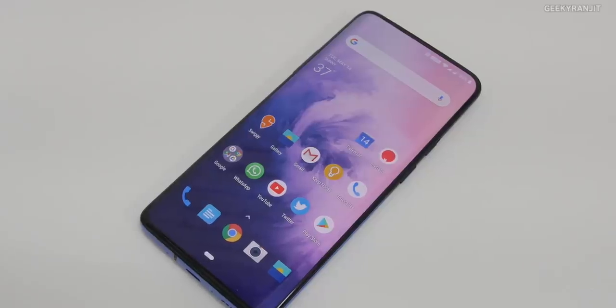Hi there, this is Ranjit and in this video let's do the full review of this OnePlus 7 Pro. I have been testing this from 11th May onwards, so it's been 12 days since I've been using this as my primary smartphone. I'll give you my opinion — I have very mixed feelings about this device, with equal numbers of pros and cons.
==============================
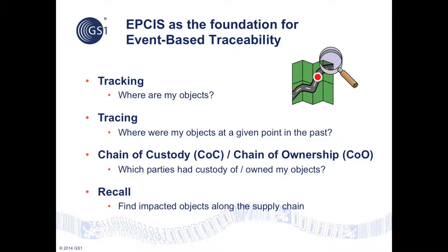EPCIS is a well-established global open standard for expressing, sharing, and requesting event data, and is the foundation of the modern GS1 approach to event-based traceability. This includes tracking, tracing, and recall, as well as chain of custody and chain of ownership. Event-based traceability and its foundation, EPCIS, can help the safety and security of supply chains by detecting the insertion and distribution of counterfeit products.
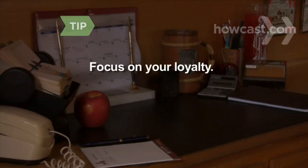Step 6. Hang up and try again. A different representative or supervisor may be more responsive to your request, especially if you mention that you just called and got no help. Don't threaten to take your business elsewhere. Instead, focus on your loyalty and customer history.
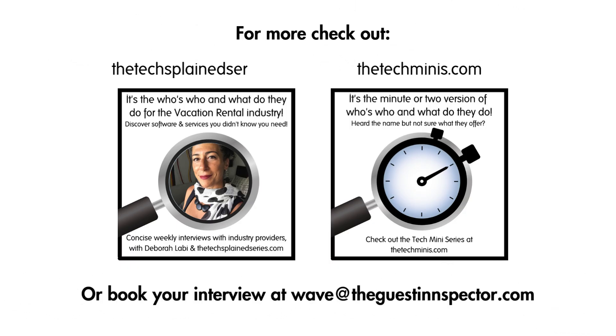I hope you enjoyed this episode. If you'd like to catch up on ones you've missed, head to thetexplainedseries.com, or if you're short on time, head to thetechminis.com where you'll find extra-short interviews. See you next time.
==============================
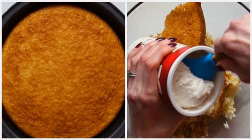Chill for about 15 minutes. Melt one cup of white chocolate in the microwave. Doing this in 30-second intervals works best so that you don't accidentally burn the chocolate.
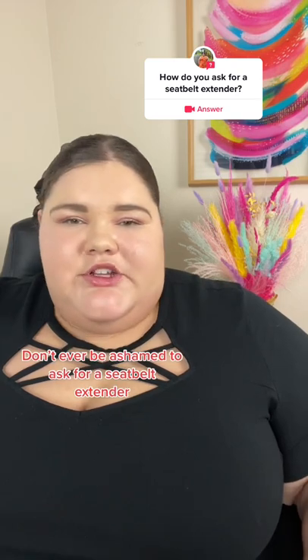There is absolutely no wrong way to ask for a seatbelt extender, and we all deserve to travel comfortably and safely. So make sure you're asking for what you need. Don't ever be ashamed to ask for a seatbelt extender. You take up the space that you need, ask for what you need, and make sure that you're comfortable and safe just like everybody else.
==============================
→ THE PROBLEM:
Reproduce, word for word, only the lines in the records above from the line with "EPCIS is a well-established" through the line with "I hope you enjoyed", including both ends; omit the pictures.

→ PROBLEM SOLUTION:
EPCIS is a well-established global open standard for expressing, sharing, and requesting event data, and is the foundation of the modern GS1 approach to event-based traceability. This includes tracking, tracing, and recall, as well as chain of custody and chain of ownership. Event-based traceability and its foundation, EPCIS, can help the safety and security of supply chains by detecting the insertion and distribution of counterfeit products.
Step 6. Hang up and try again. A different representative or supervisor may be more responsive to your request, especially if you mention that you just called and got no help. Don't threaten to take your business elsewhere. Instead, focus on your loyalty and customer history.
I hope you enjoyed this episode. If you'd like to catch up on ones you've missed, head to thetexplainedseries.com, or if you're short on time, head to thetechminis.com where you'll find extra-short interviews. See you next time.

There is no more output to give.